> [Task material]:
——————————

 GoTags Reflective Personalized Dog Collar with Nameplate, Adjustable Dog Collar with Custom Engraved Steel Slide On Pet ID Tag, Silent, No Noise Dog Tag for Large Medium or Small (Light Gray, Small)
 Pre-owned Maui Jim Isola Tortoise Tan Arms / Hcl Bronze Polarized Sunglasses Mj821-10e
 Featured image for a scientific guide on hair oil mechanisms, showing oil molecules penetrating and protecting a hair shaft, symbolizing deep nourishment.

——————————

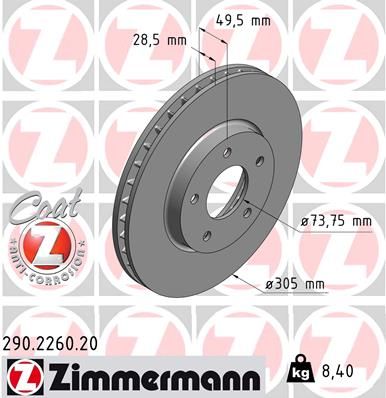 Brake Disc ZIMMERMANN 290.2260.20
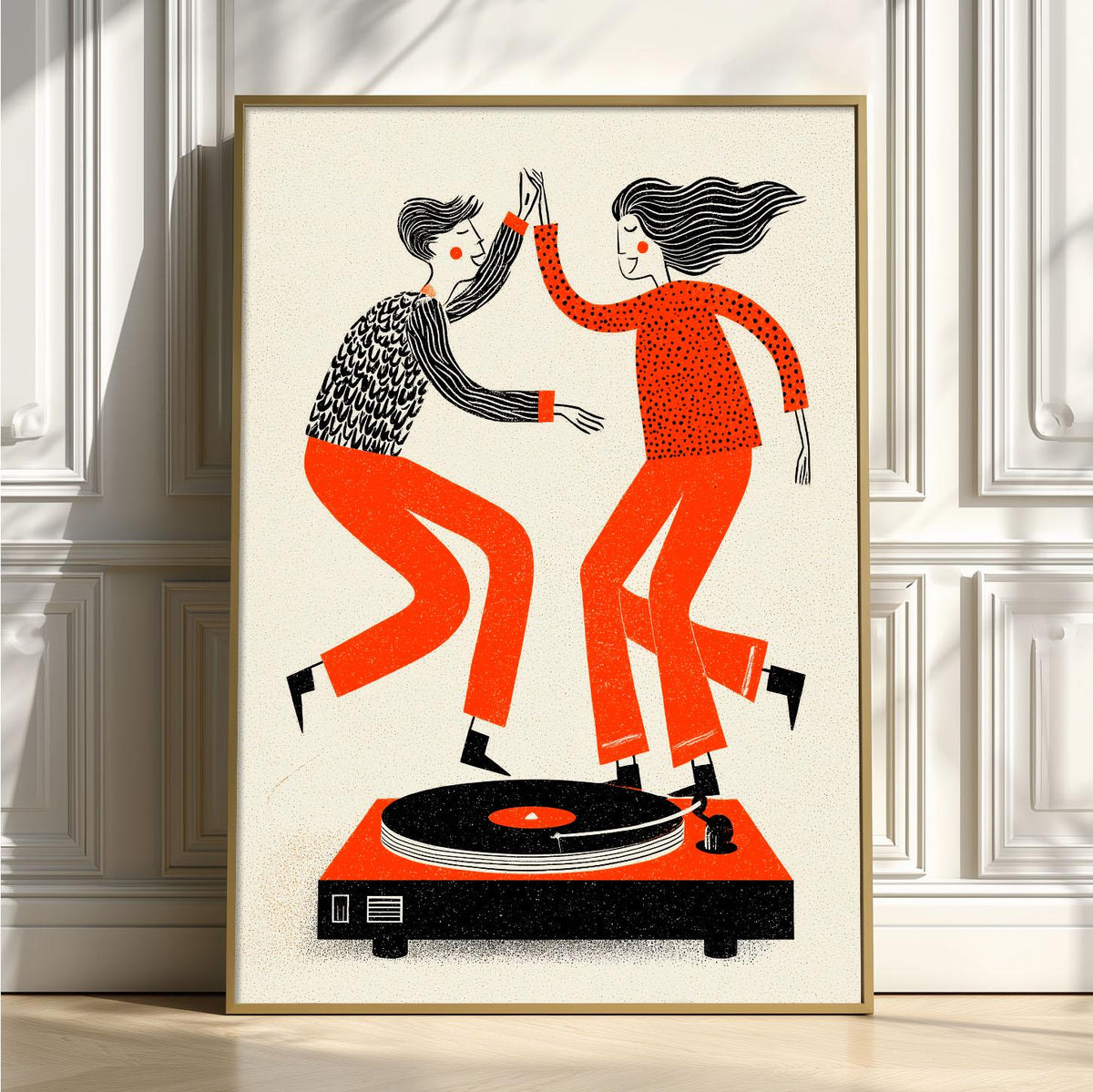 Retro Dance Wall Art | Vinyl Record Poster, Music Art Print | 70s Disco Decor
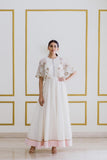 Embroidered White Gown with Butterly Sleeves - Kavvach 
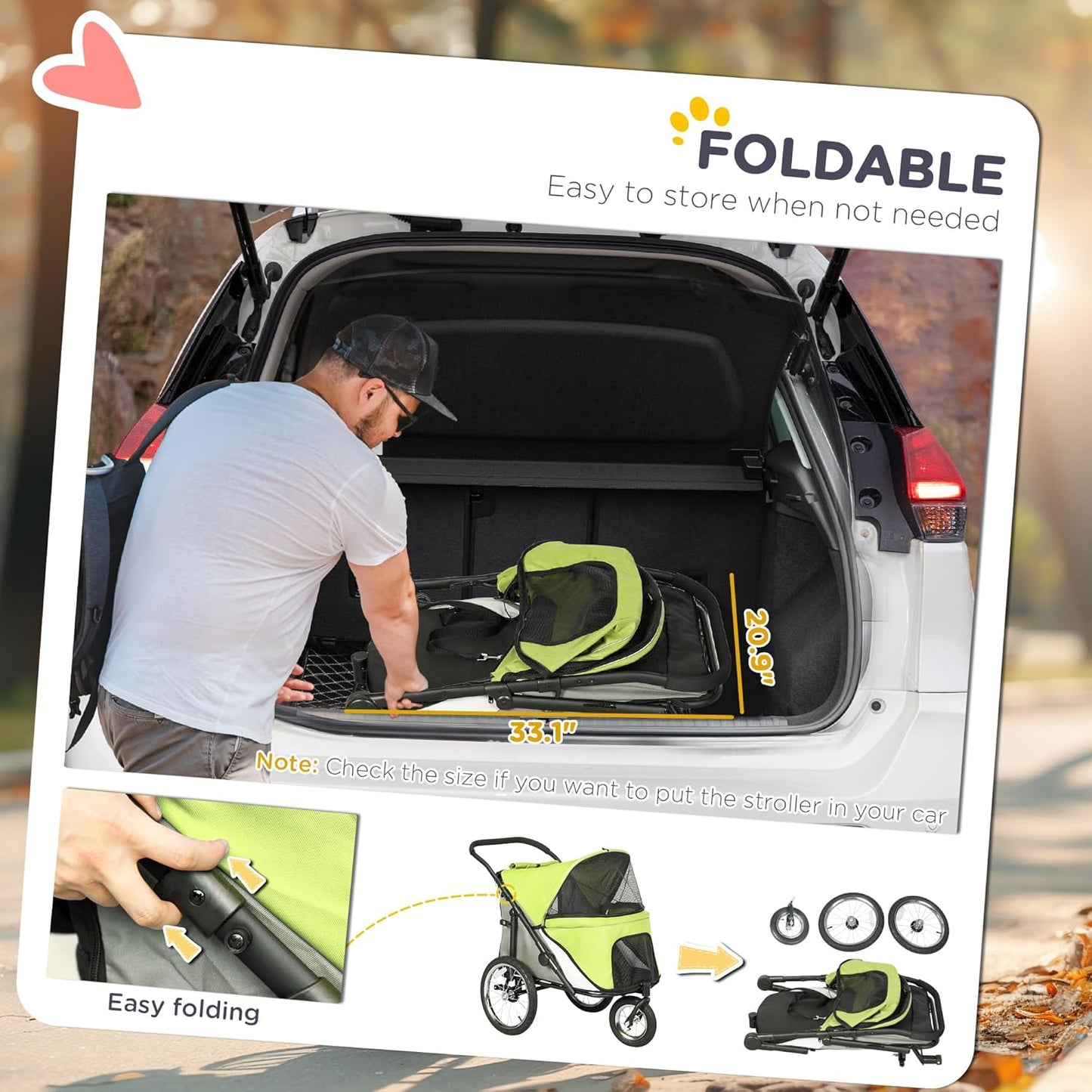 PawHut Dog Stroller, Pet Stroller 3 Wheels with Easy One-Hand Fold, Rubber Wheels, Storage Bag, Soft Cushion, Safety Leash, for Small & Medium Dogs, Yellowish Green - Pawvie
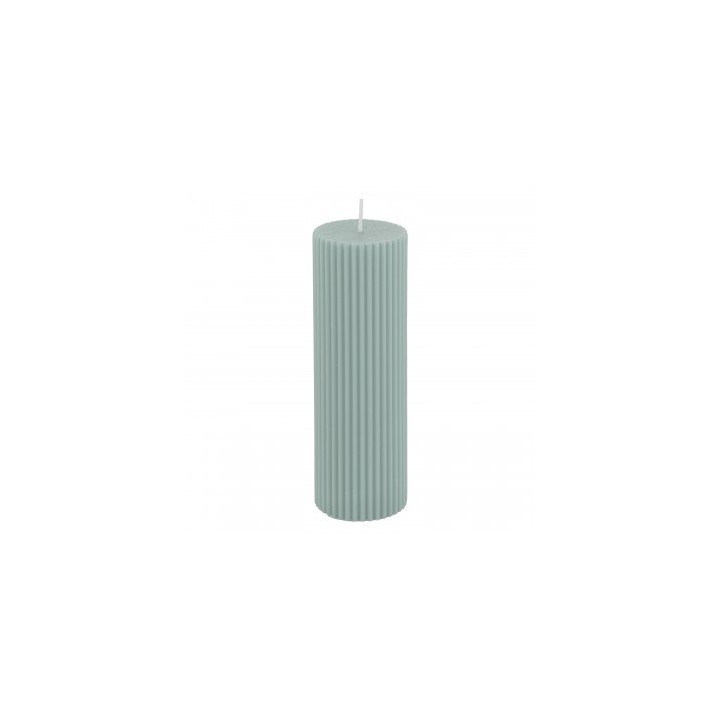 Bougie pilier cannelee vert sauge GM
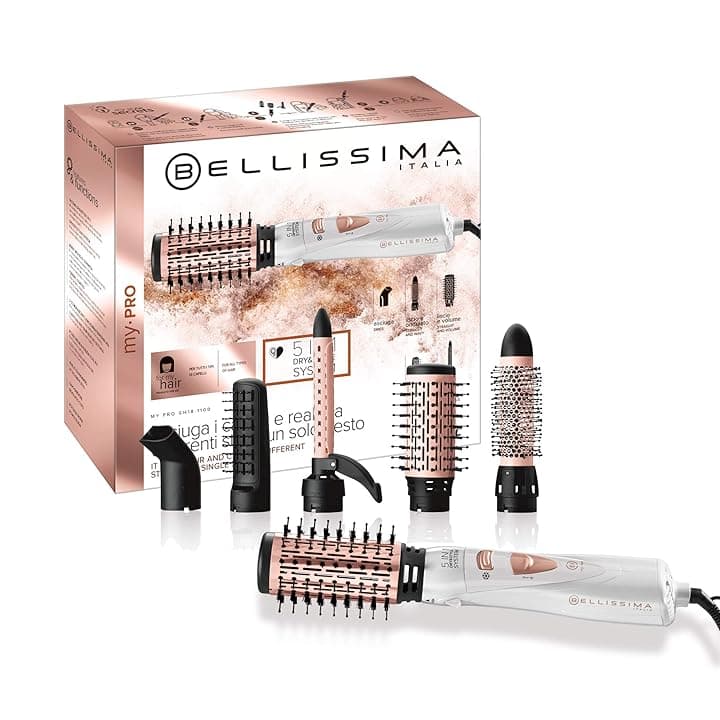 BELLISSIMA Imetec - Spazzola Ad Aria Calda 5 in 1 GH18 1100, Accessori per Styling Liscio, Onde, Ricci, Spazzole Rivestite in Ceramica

——————————

> [Your assignment]:
Out of the data above, give again only the lines starting at the one holding "GoTags Reflective Personalized" and ending at the one holding "Featured image for", unchanged.

> [Exercise response]:
 GoTags Reflective Personalized Dog Collar with Nameplate, Adjustable Dog Collar with Custom Engraved Steel Slide On Pet ID Tag, Silent, No Noise Dog Tag for Large Medium or Small (Light Gray, Small)
 Pre-owned Maui Jim Isola Tortoise Tan Arms / Hcl Bronze Polarized Sunglasses Mj821-10e
 Featured image for a scientific guide on hair oil mechanisms, showing oil molecules penetrating and protecting a hair shaft, symbolizing deep nourishment.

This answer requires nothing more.